仙台市の浄土真宗・徳照寺の副住職佐藤亜池香(あいか)さん(32)がDJを務めるラジオ番組「ラジオ・ザ・僧侶」がちょっとした話題になっている。放送開始から先月で3年目を迎え、僧侶や信者をゲストに、知られざる日常生活を紹介する軽妙なトーク番組は看板番組の一つともいう。佐藤さんは「『お坊さん』の素顔を知ってもらい、イメージを変えたい」と意気込んでいる。(山下真範)
2008年4月に始まった番組は、市内のコミュニティーFM「ラジオ3」(76・2メガ・ヘルツ)で、毎月第2水曜日の午後2時10分頃から約30分間放送。リスナーからの反響も上々で、今年4月からは再放送を含め月2回の放送となった。今月の放送分は、四国88か所の霊場をめぐるお遍路。ゲストとともに概要や伝統を紹介した。

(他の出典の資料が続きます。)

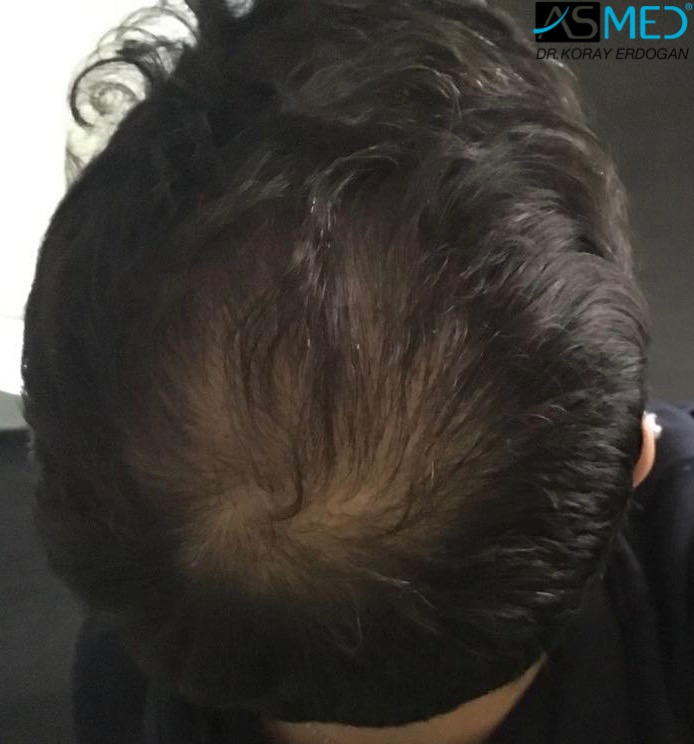 norwood4 5011-grafts-FUE 9months 6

「お参りが始まる徳島県は発心の道場なんです」というゲストに、佐藤さんは「悟りを開きたいという心を起こす。起承転結で言うと起の部分ですね」などと分かりやすく説明する。
ゲストには、宗派を問わずに住職や檀家(だんか)らを招き、一般には知られていない寺の日常生活や、住職のひそかな趣味、悩みなどを紹介する。
ゲストが取り組む社会貢献活動をPRすることもあり、最近は宗教の枠を超え、キリスト教信者らもゲストに招いている。

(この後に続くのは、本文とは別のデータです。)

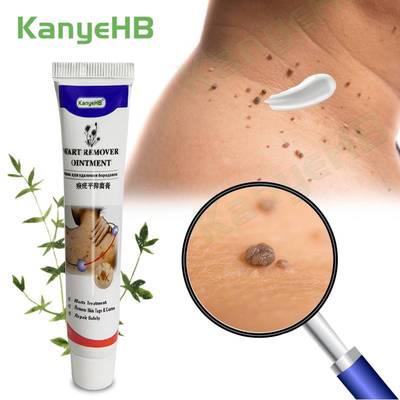 Warts Remover Ointment Wart Treatment Cream Skin Tag Remove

これまでに、子どものPTAの会合に法衣をまとって参加した女性住職の逸話なども披露。実家のお寺を継ぐか悩む女子大生に、「まだ決めなくても大丈夫」と、読経で鍛えた低いよく通る声が、ラジオから流れる。
佐藤さんは大学を卒業し、27歳で実家の寺を継ぐと、広く活動を知ってもらうため、若い檀家を対象に勉強会などを開いてきた。そこで感じたのは「若者の関心はまだまだ低い」ということだった。別の番組のDJをしていた経験からラジオ放送を思い立ち、企画書をラジオ局に持ち込んで直談判し、放送を始めた。
大学在学中は劇団に所属し、映画に出演した経験もある。端正な顔立ちに耳まで隠れた今風の髪形で、「仏教は縁を説く教え。色んな巡り合わせの尊さを番組を通じて伝えていきたい」と、さわやかに語った。